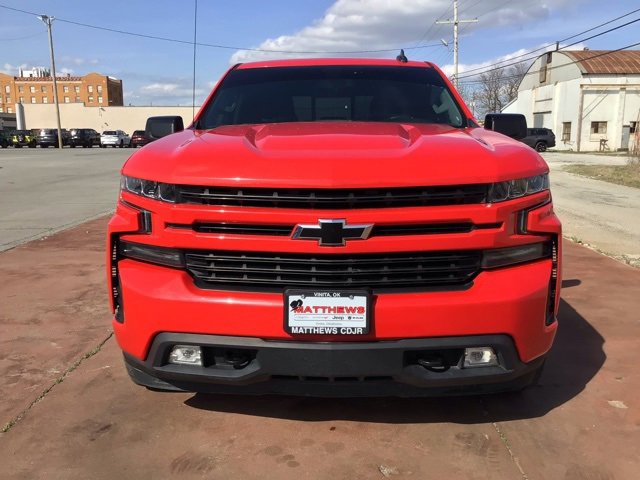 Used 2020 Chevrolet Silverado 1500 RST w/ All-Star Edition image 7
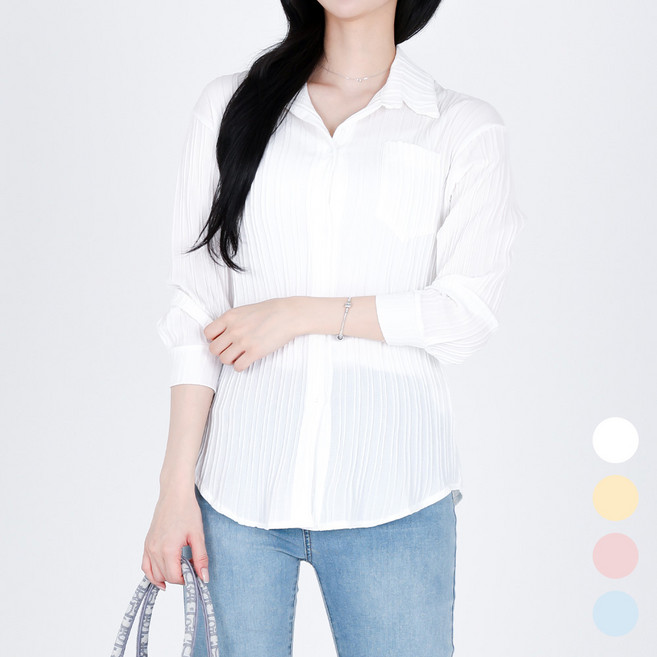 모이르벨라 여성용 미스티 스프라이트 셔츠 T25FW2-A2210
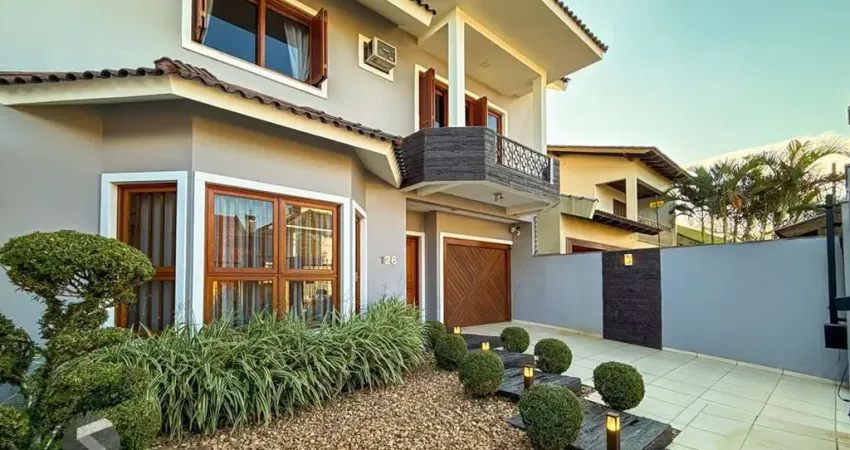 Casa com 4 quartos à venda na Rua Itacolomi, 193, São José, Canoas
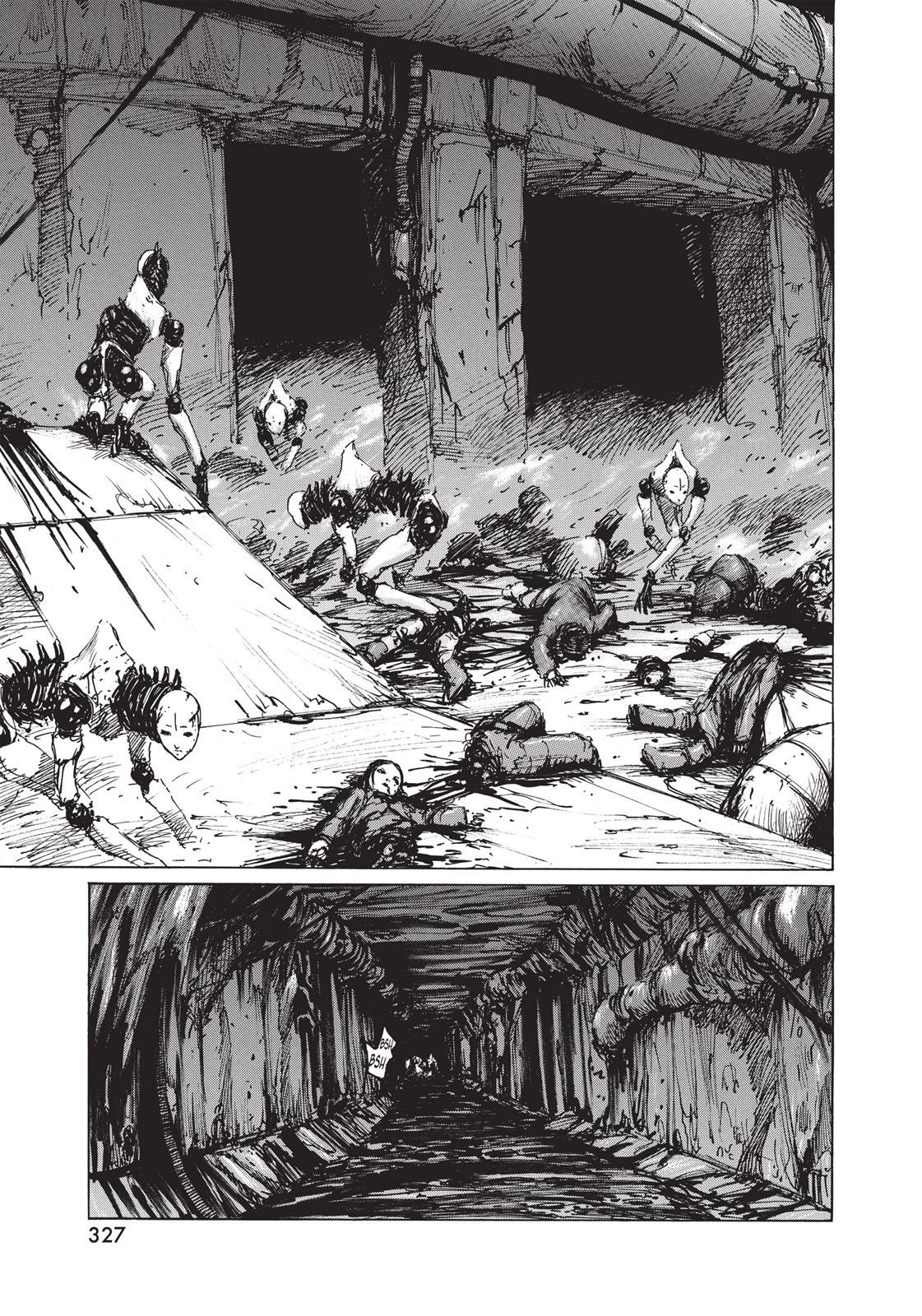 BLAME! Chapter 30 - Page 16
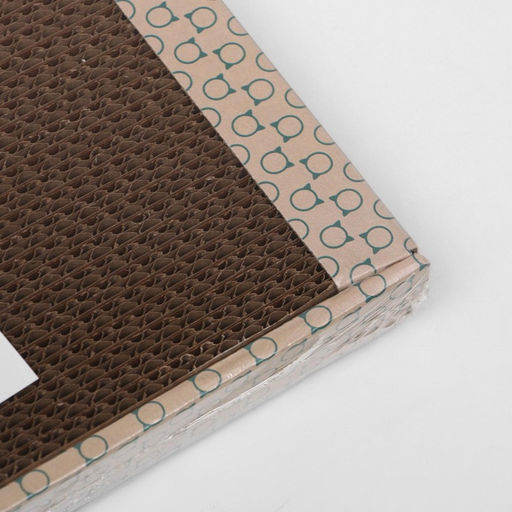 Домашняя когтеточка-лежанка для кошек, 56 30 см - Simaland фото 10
-*-
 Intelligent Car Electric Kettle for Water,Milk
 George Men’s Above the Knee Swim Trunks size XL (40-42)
-*-
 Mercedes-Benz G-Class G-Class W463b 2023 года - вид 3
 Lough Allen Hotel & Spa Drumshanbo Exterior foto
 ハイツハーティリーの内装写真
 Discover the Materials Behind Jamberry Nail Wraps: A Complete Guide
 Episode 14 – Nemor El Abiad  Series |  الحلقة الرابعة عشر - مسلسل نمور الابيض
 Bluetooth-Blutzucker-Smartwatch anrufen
-*-
Your instructions.
Drop the pictures; return the lines above from the line containing "Used 2020 Chevrolet" to the line containing "Домашняя когтеточка-лежанка для", both included, exactly.

Written solution.
 Used 2020 Chevrolet Silverado 1500 RST w/ All-Star Edition image 7
 모이르벨라 여성용 미스티 스프라이트 셔츠 T25FW2-A2210
 Casa com 4 quartos à venda na Rua Itacolomi, 193, São José, Canoas
 BLAME! Chapter 30 - Page 16
 Домашняя когтеточка-лежанка для кошек, 56 30 см - Simaland фото 10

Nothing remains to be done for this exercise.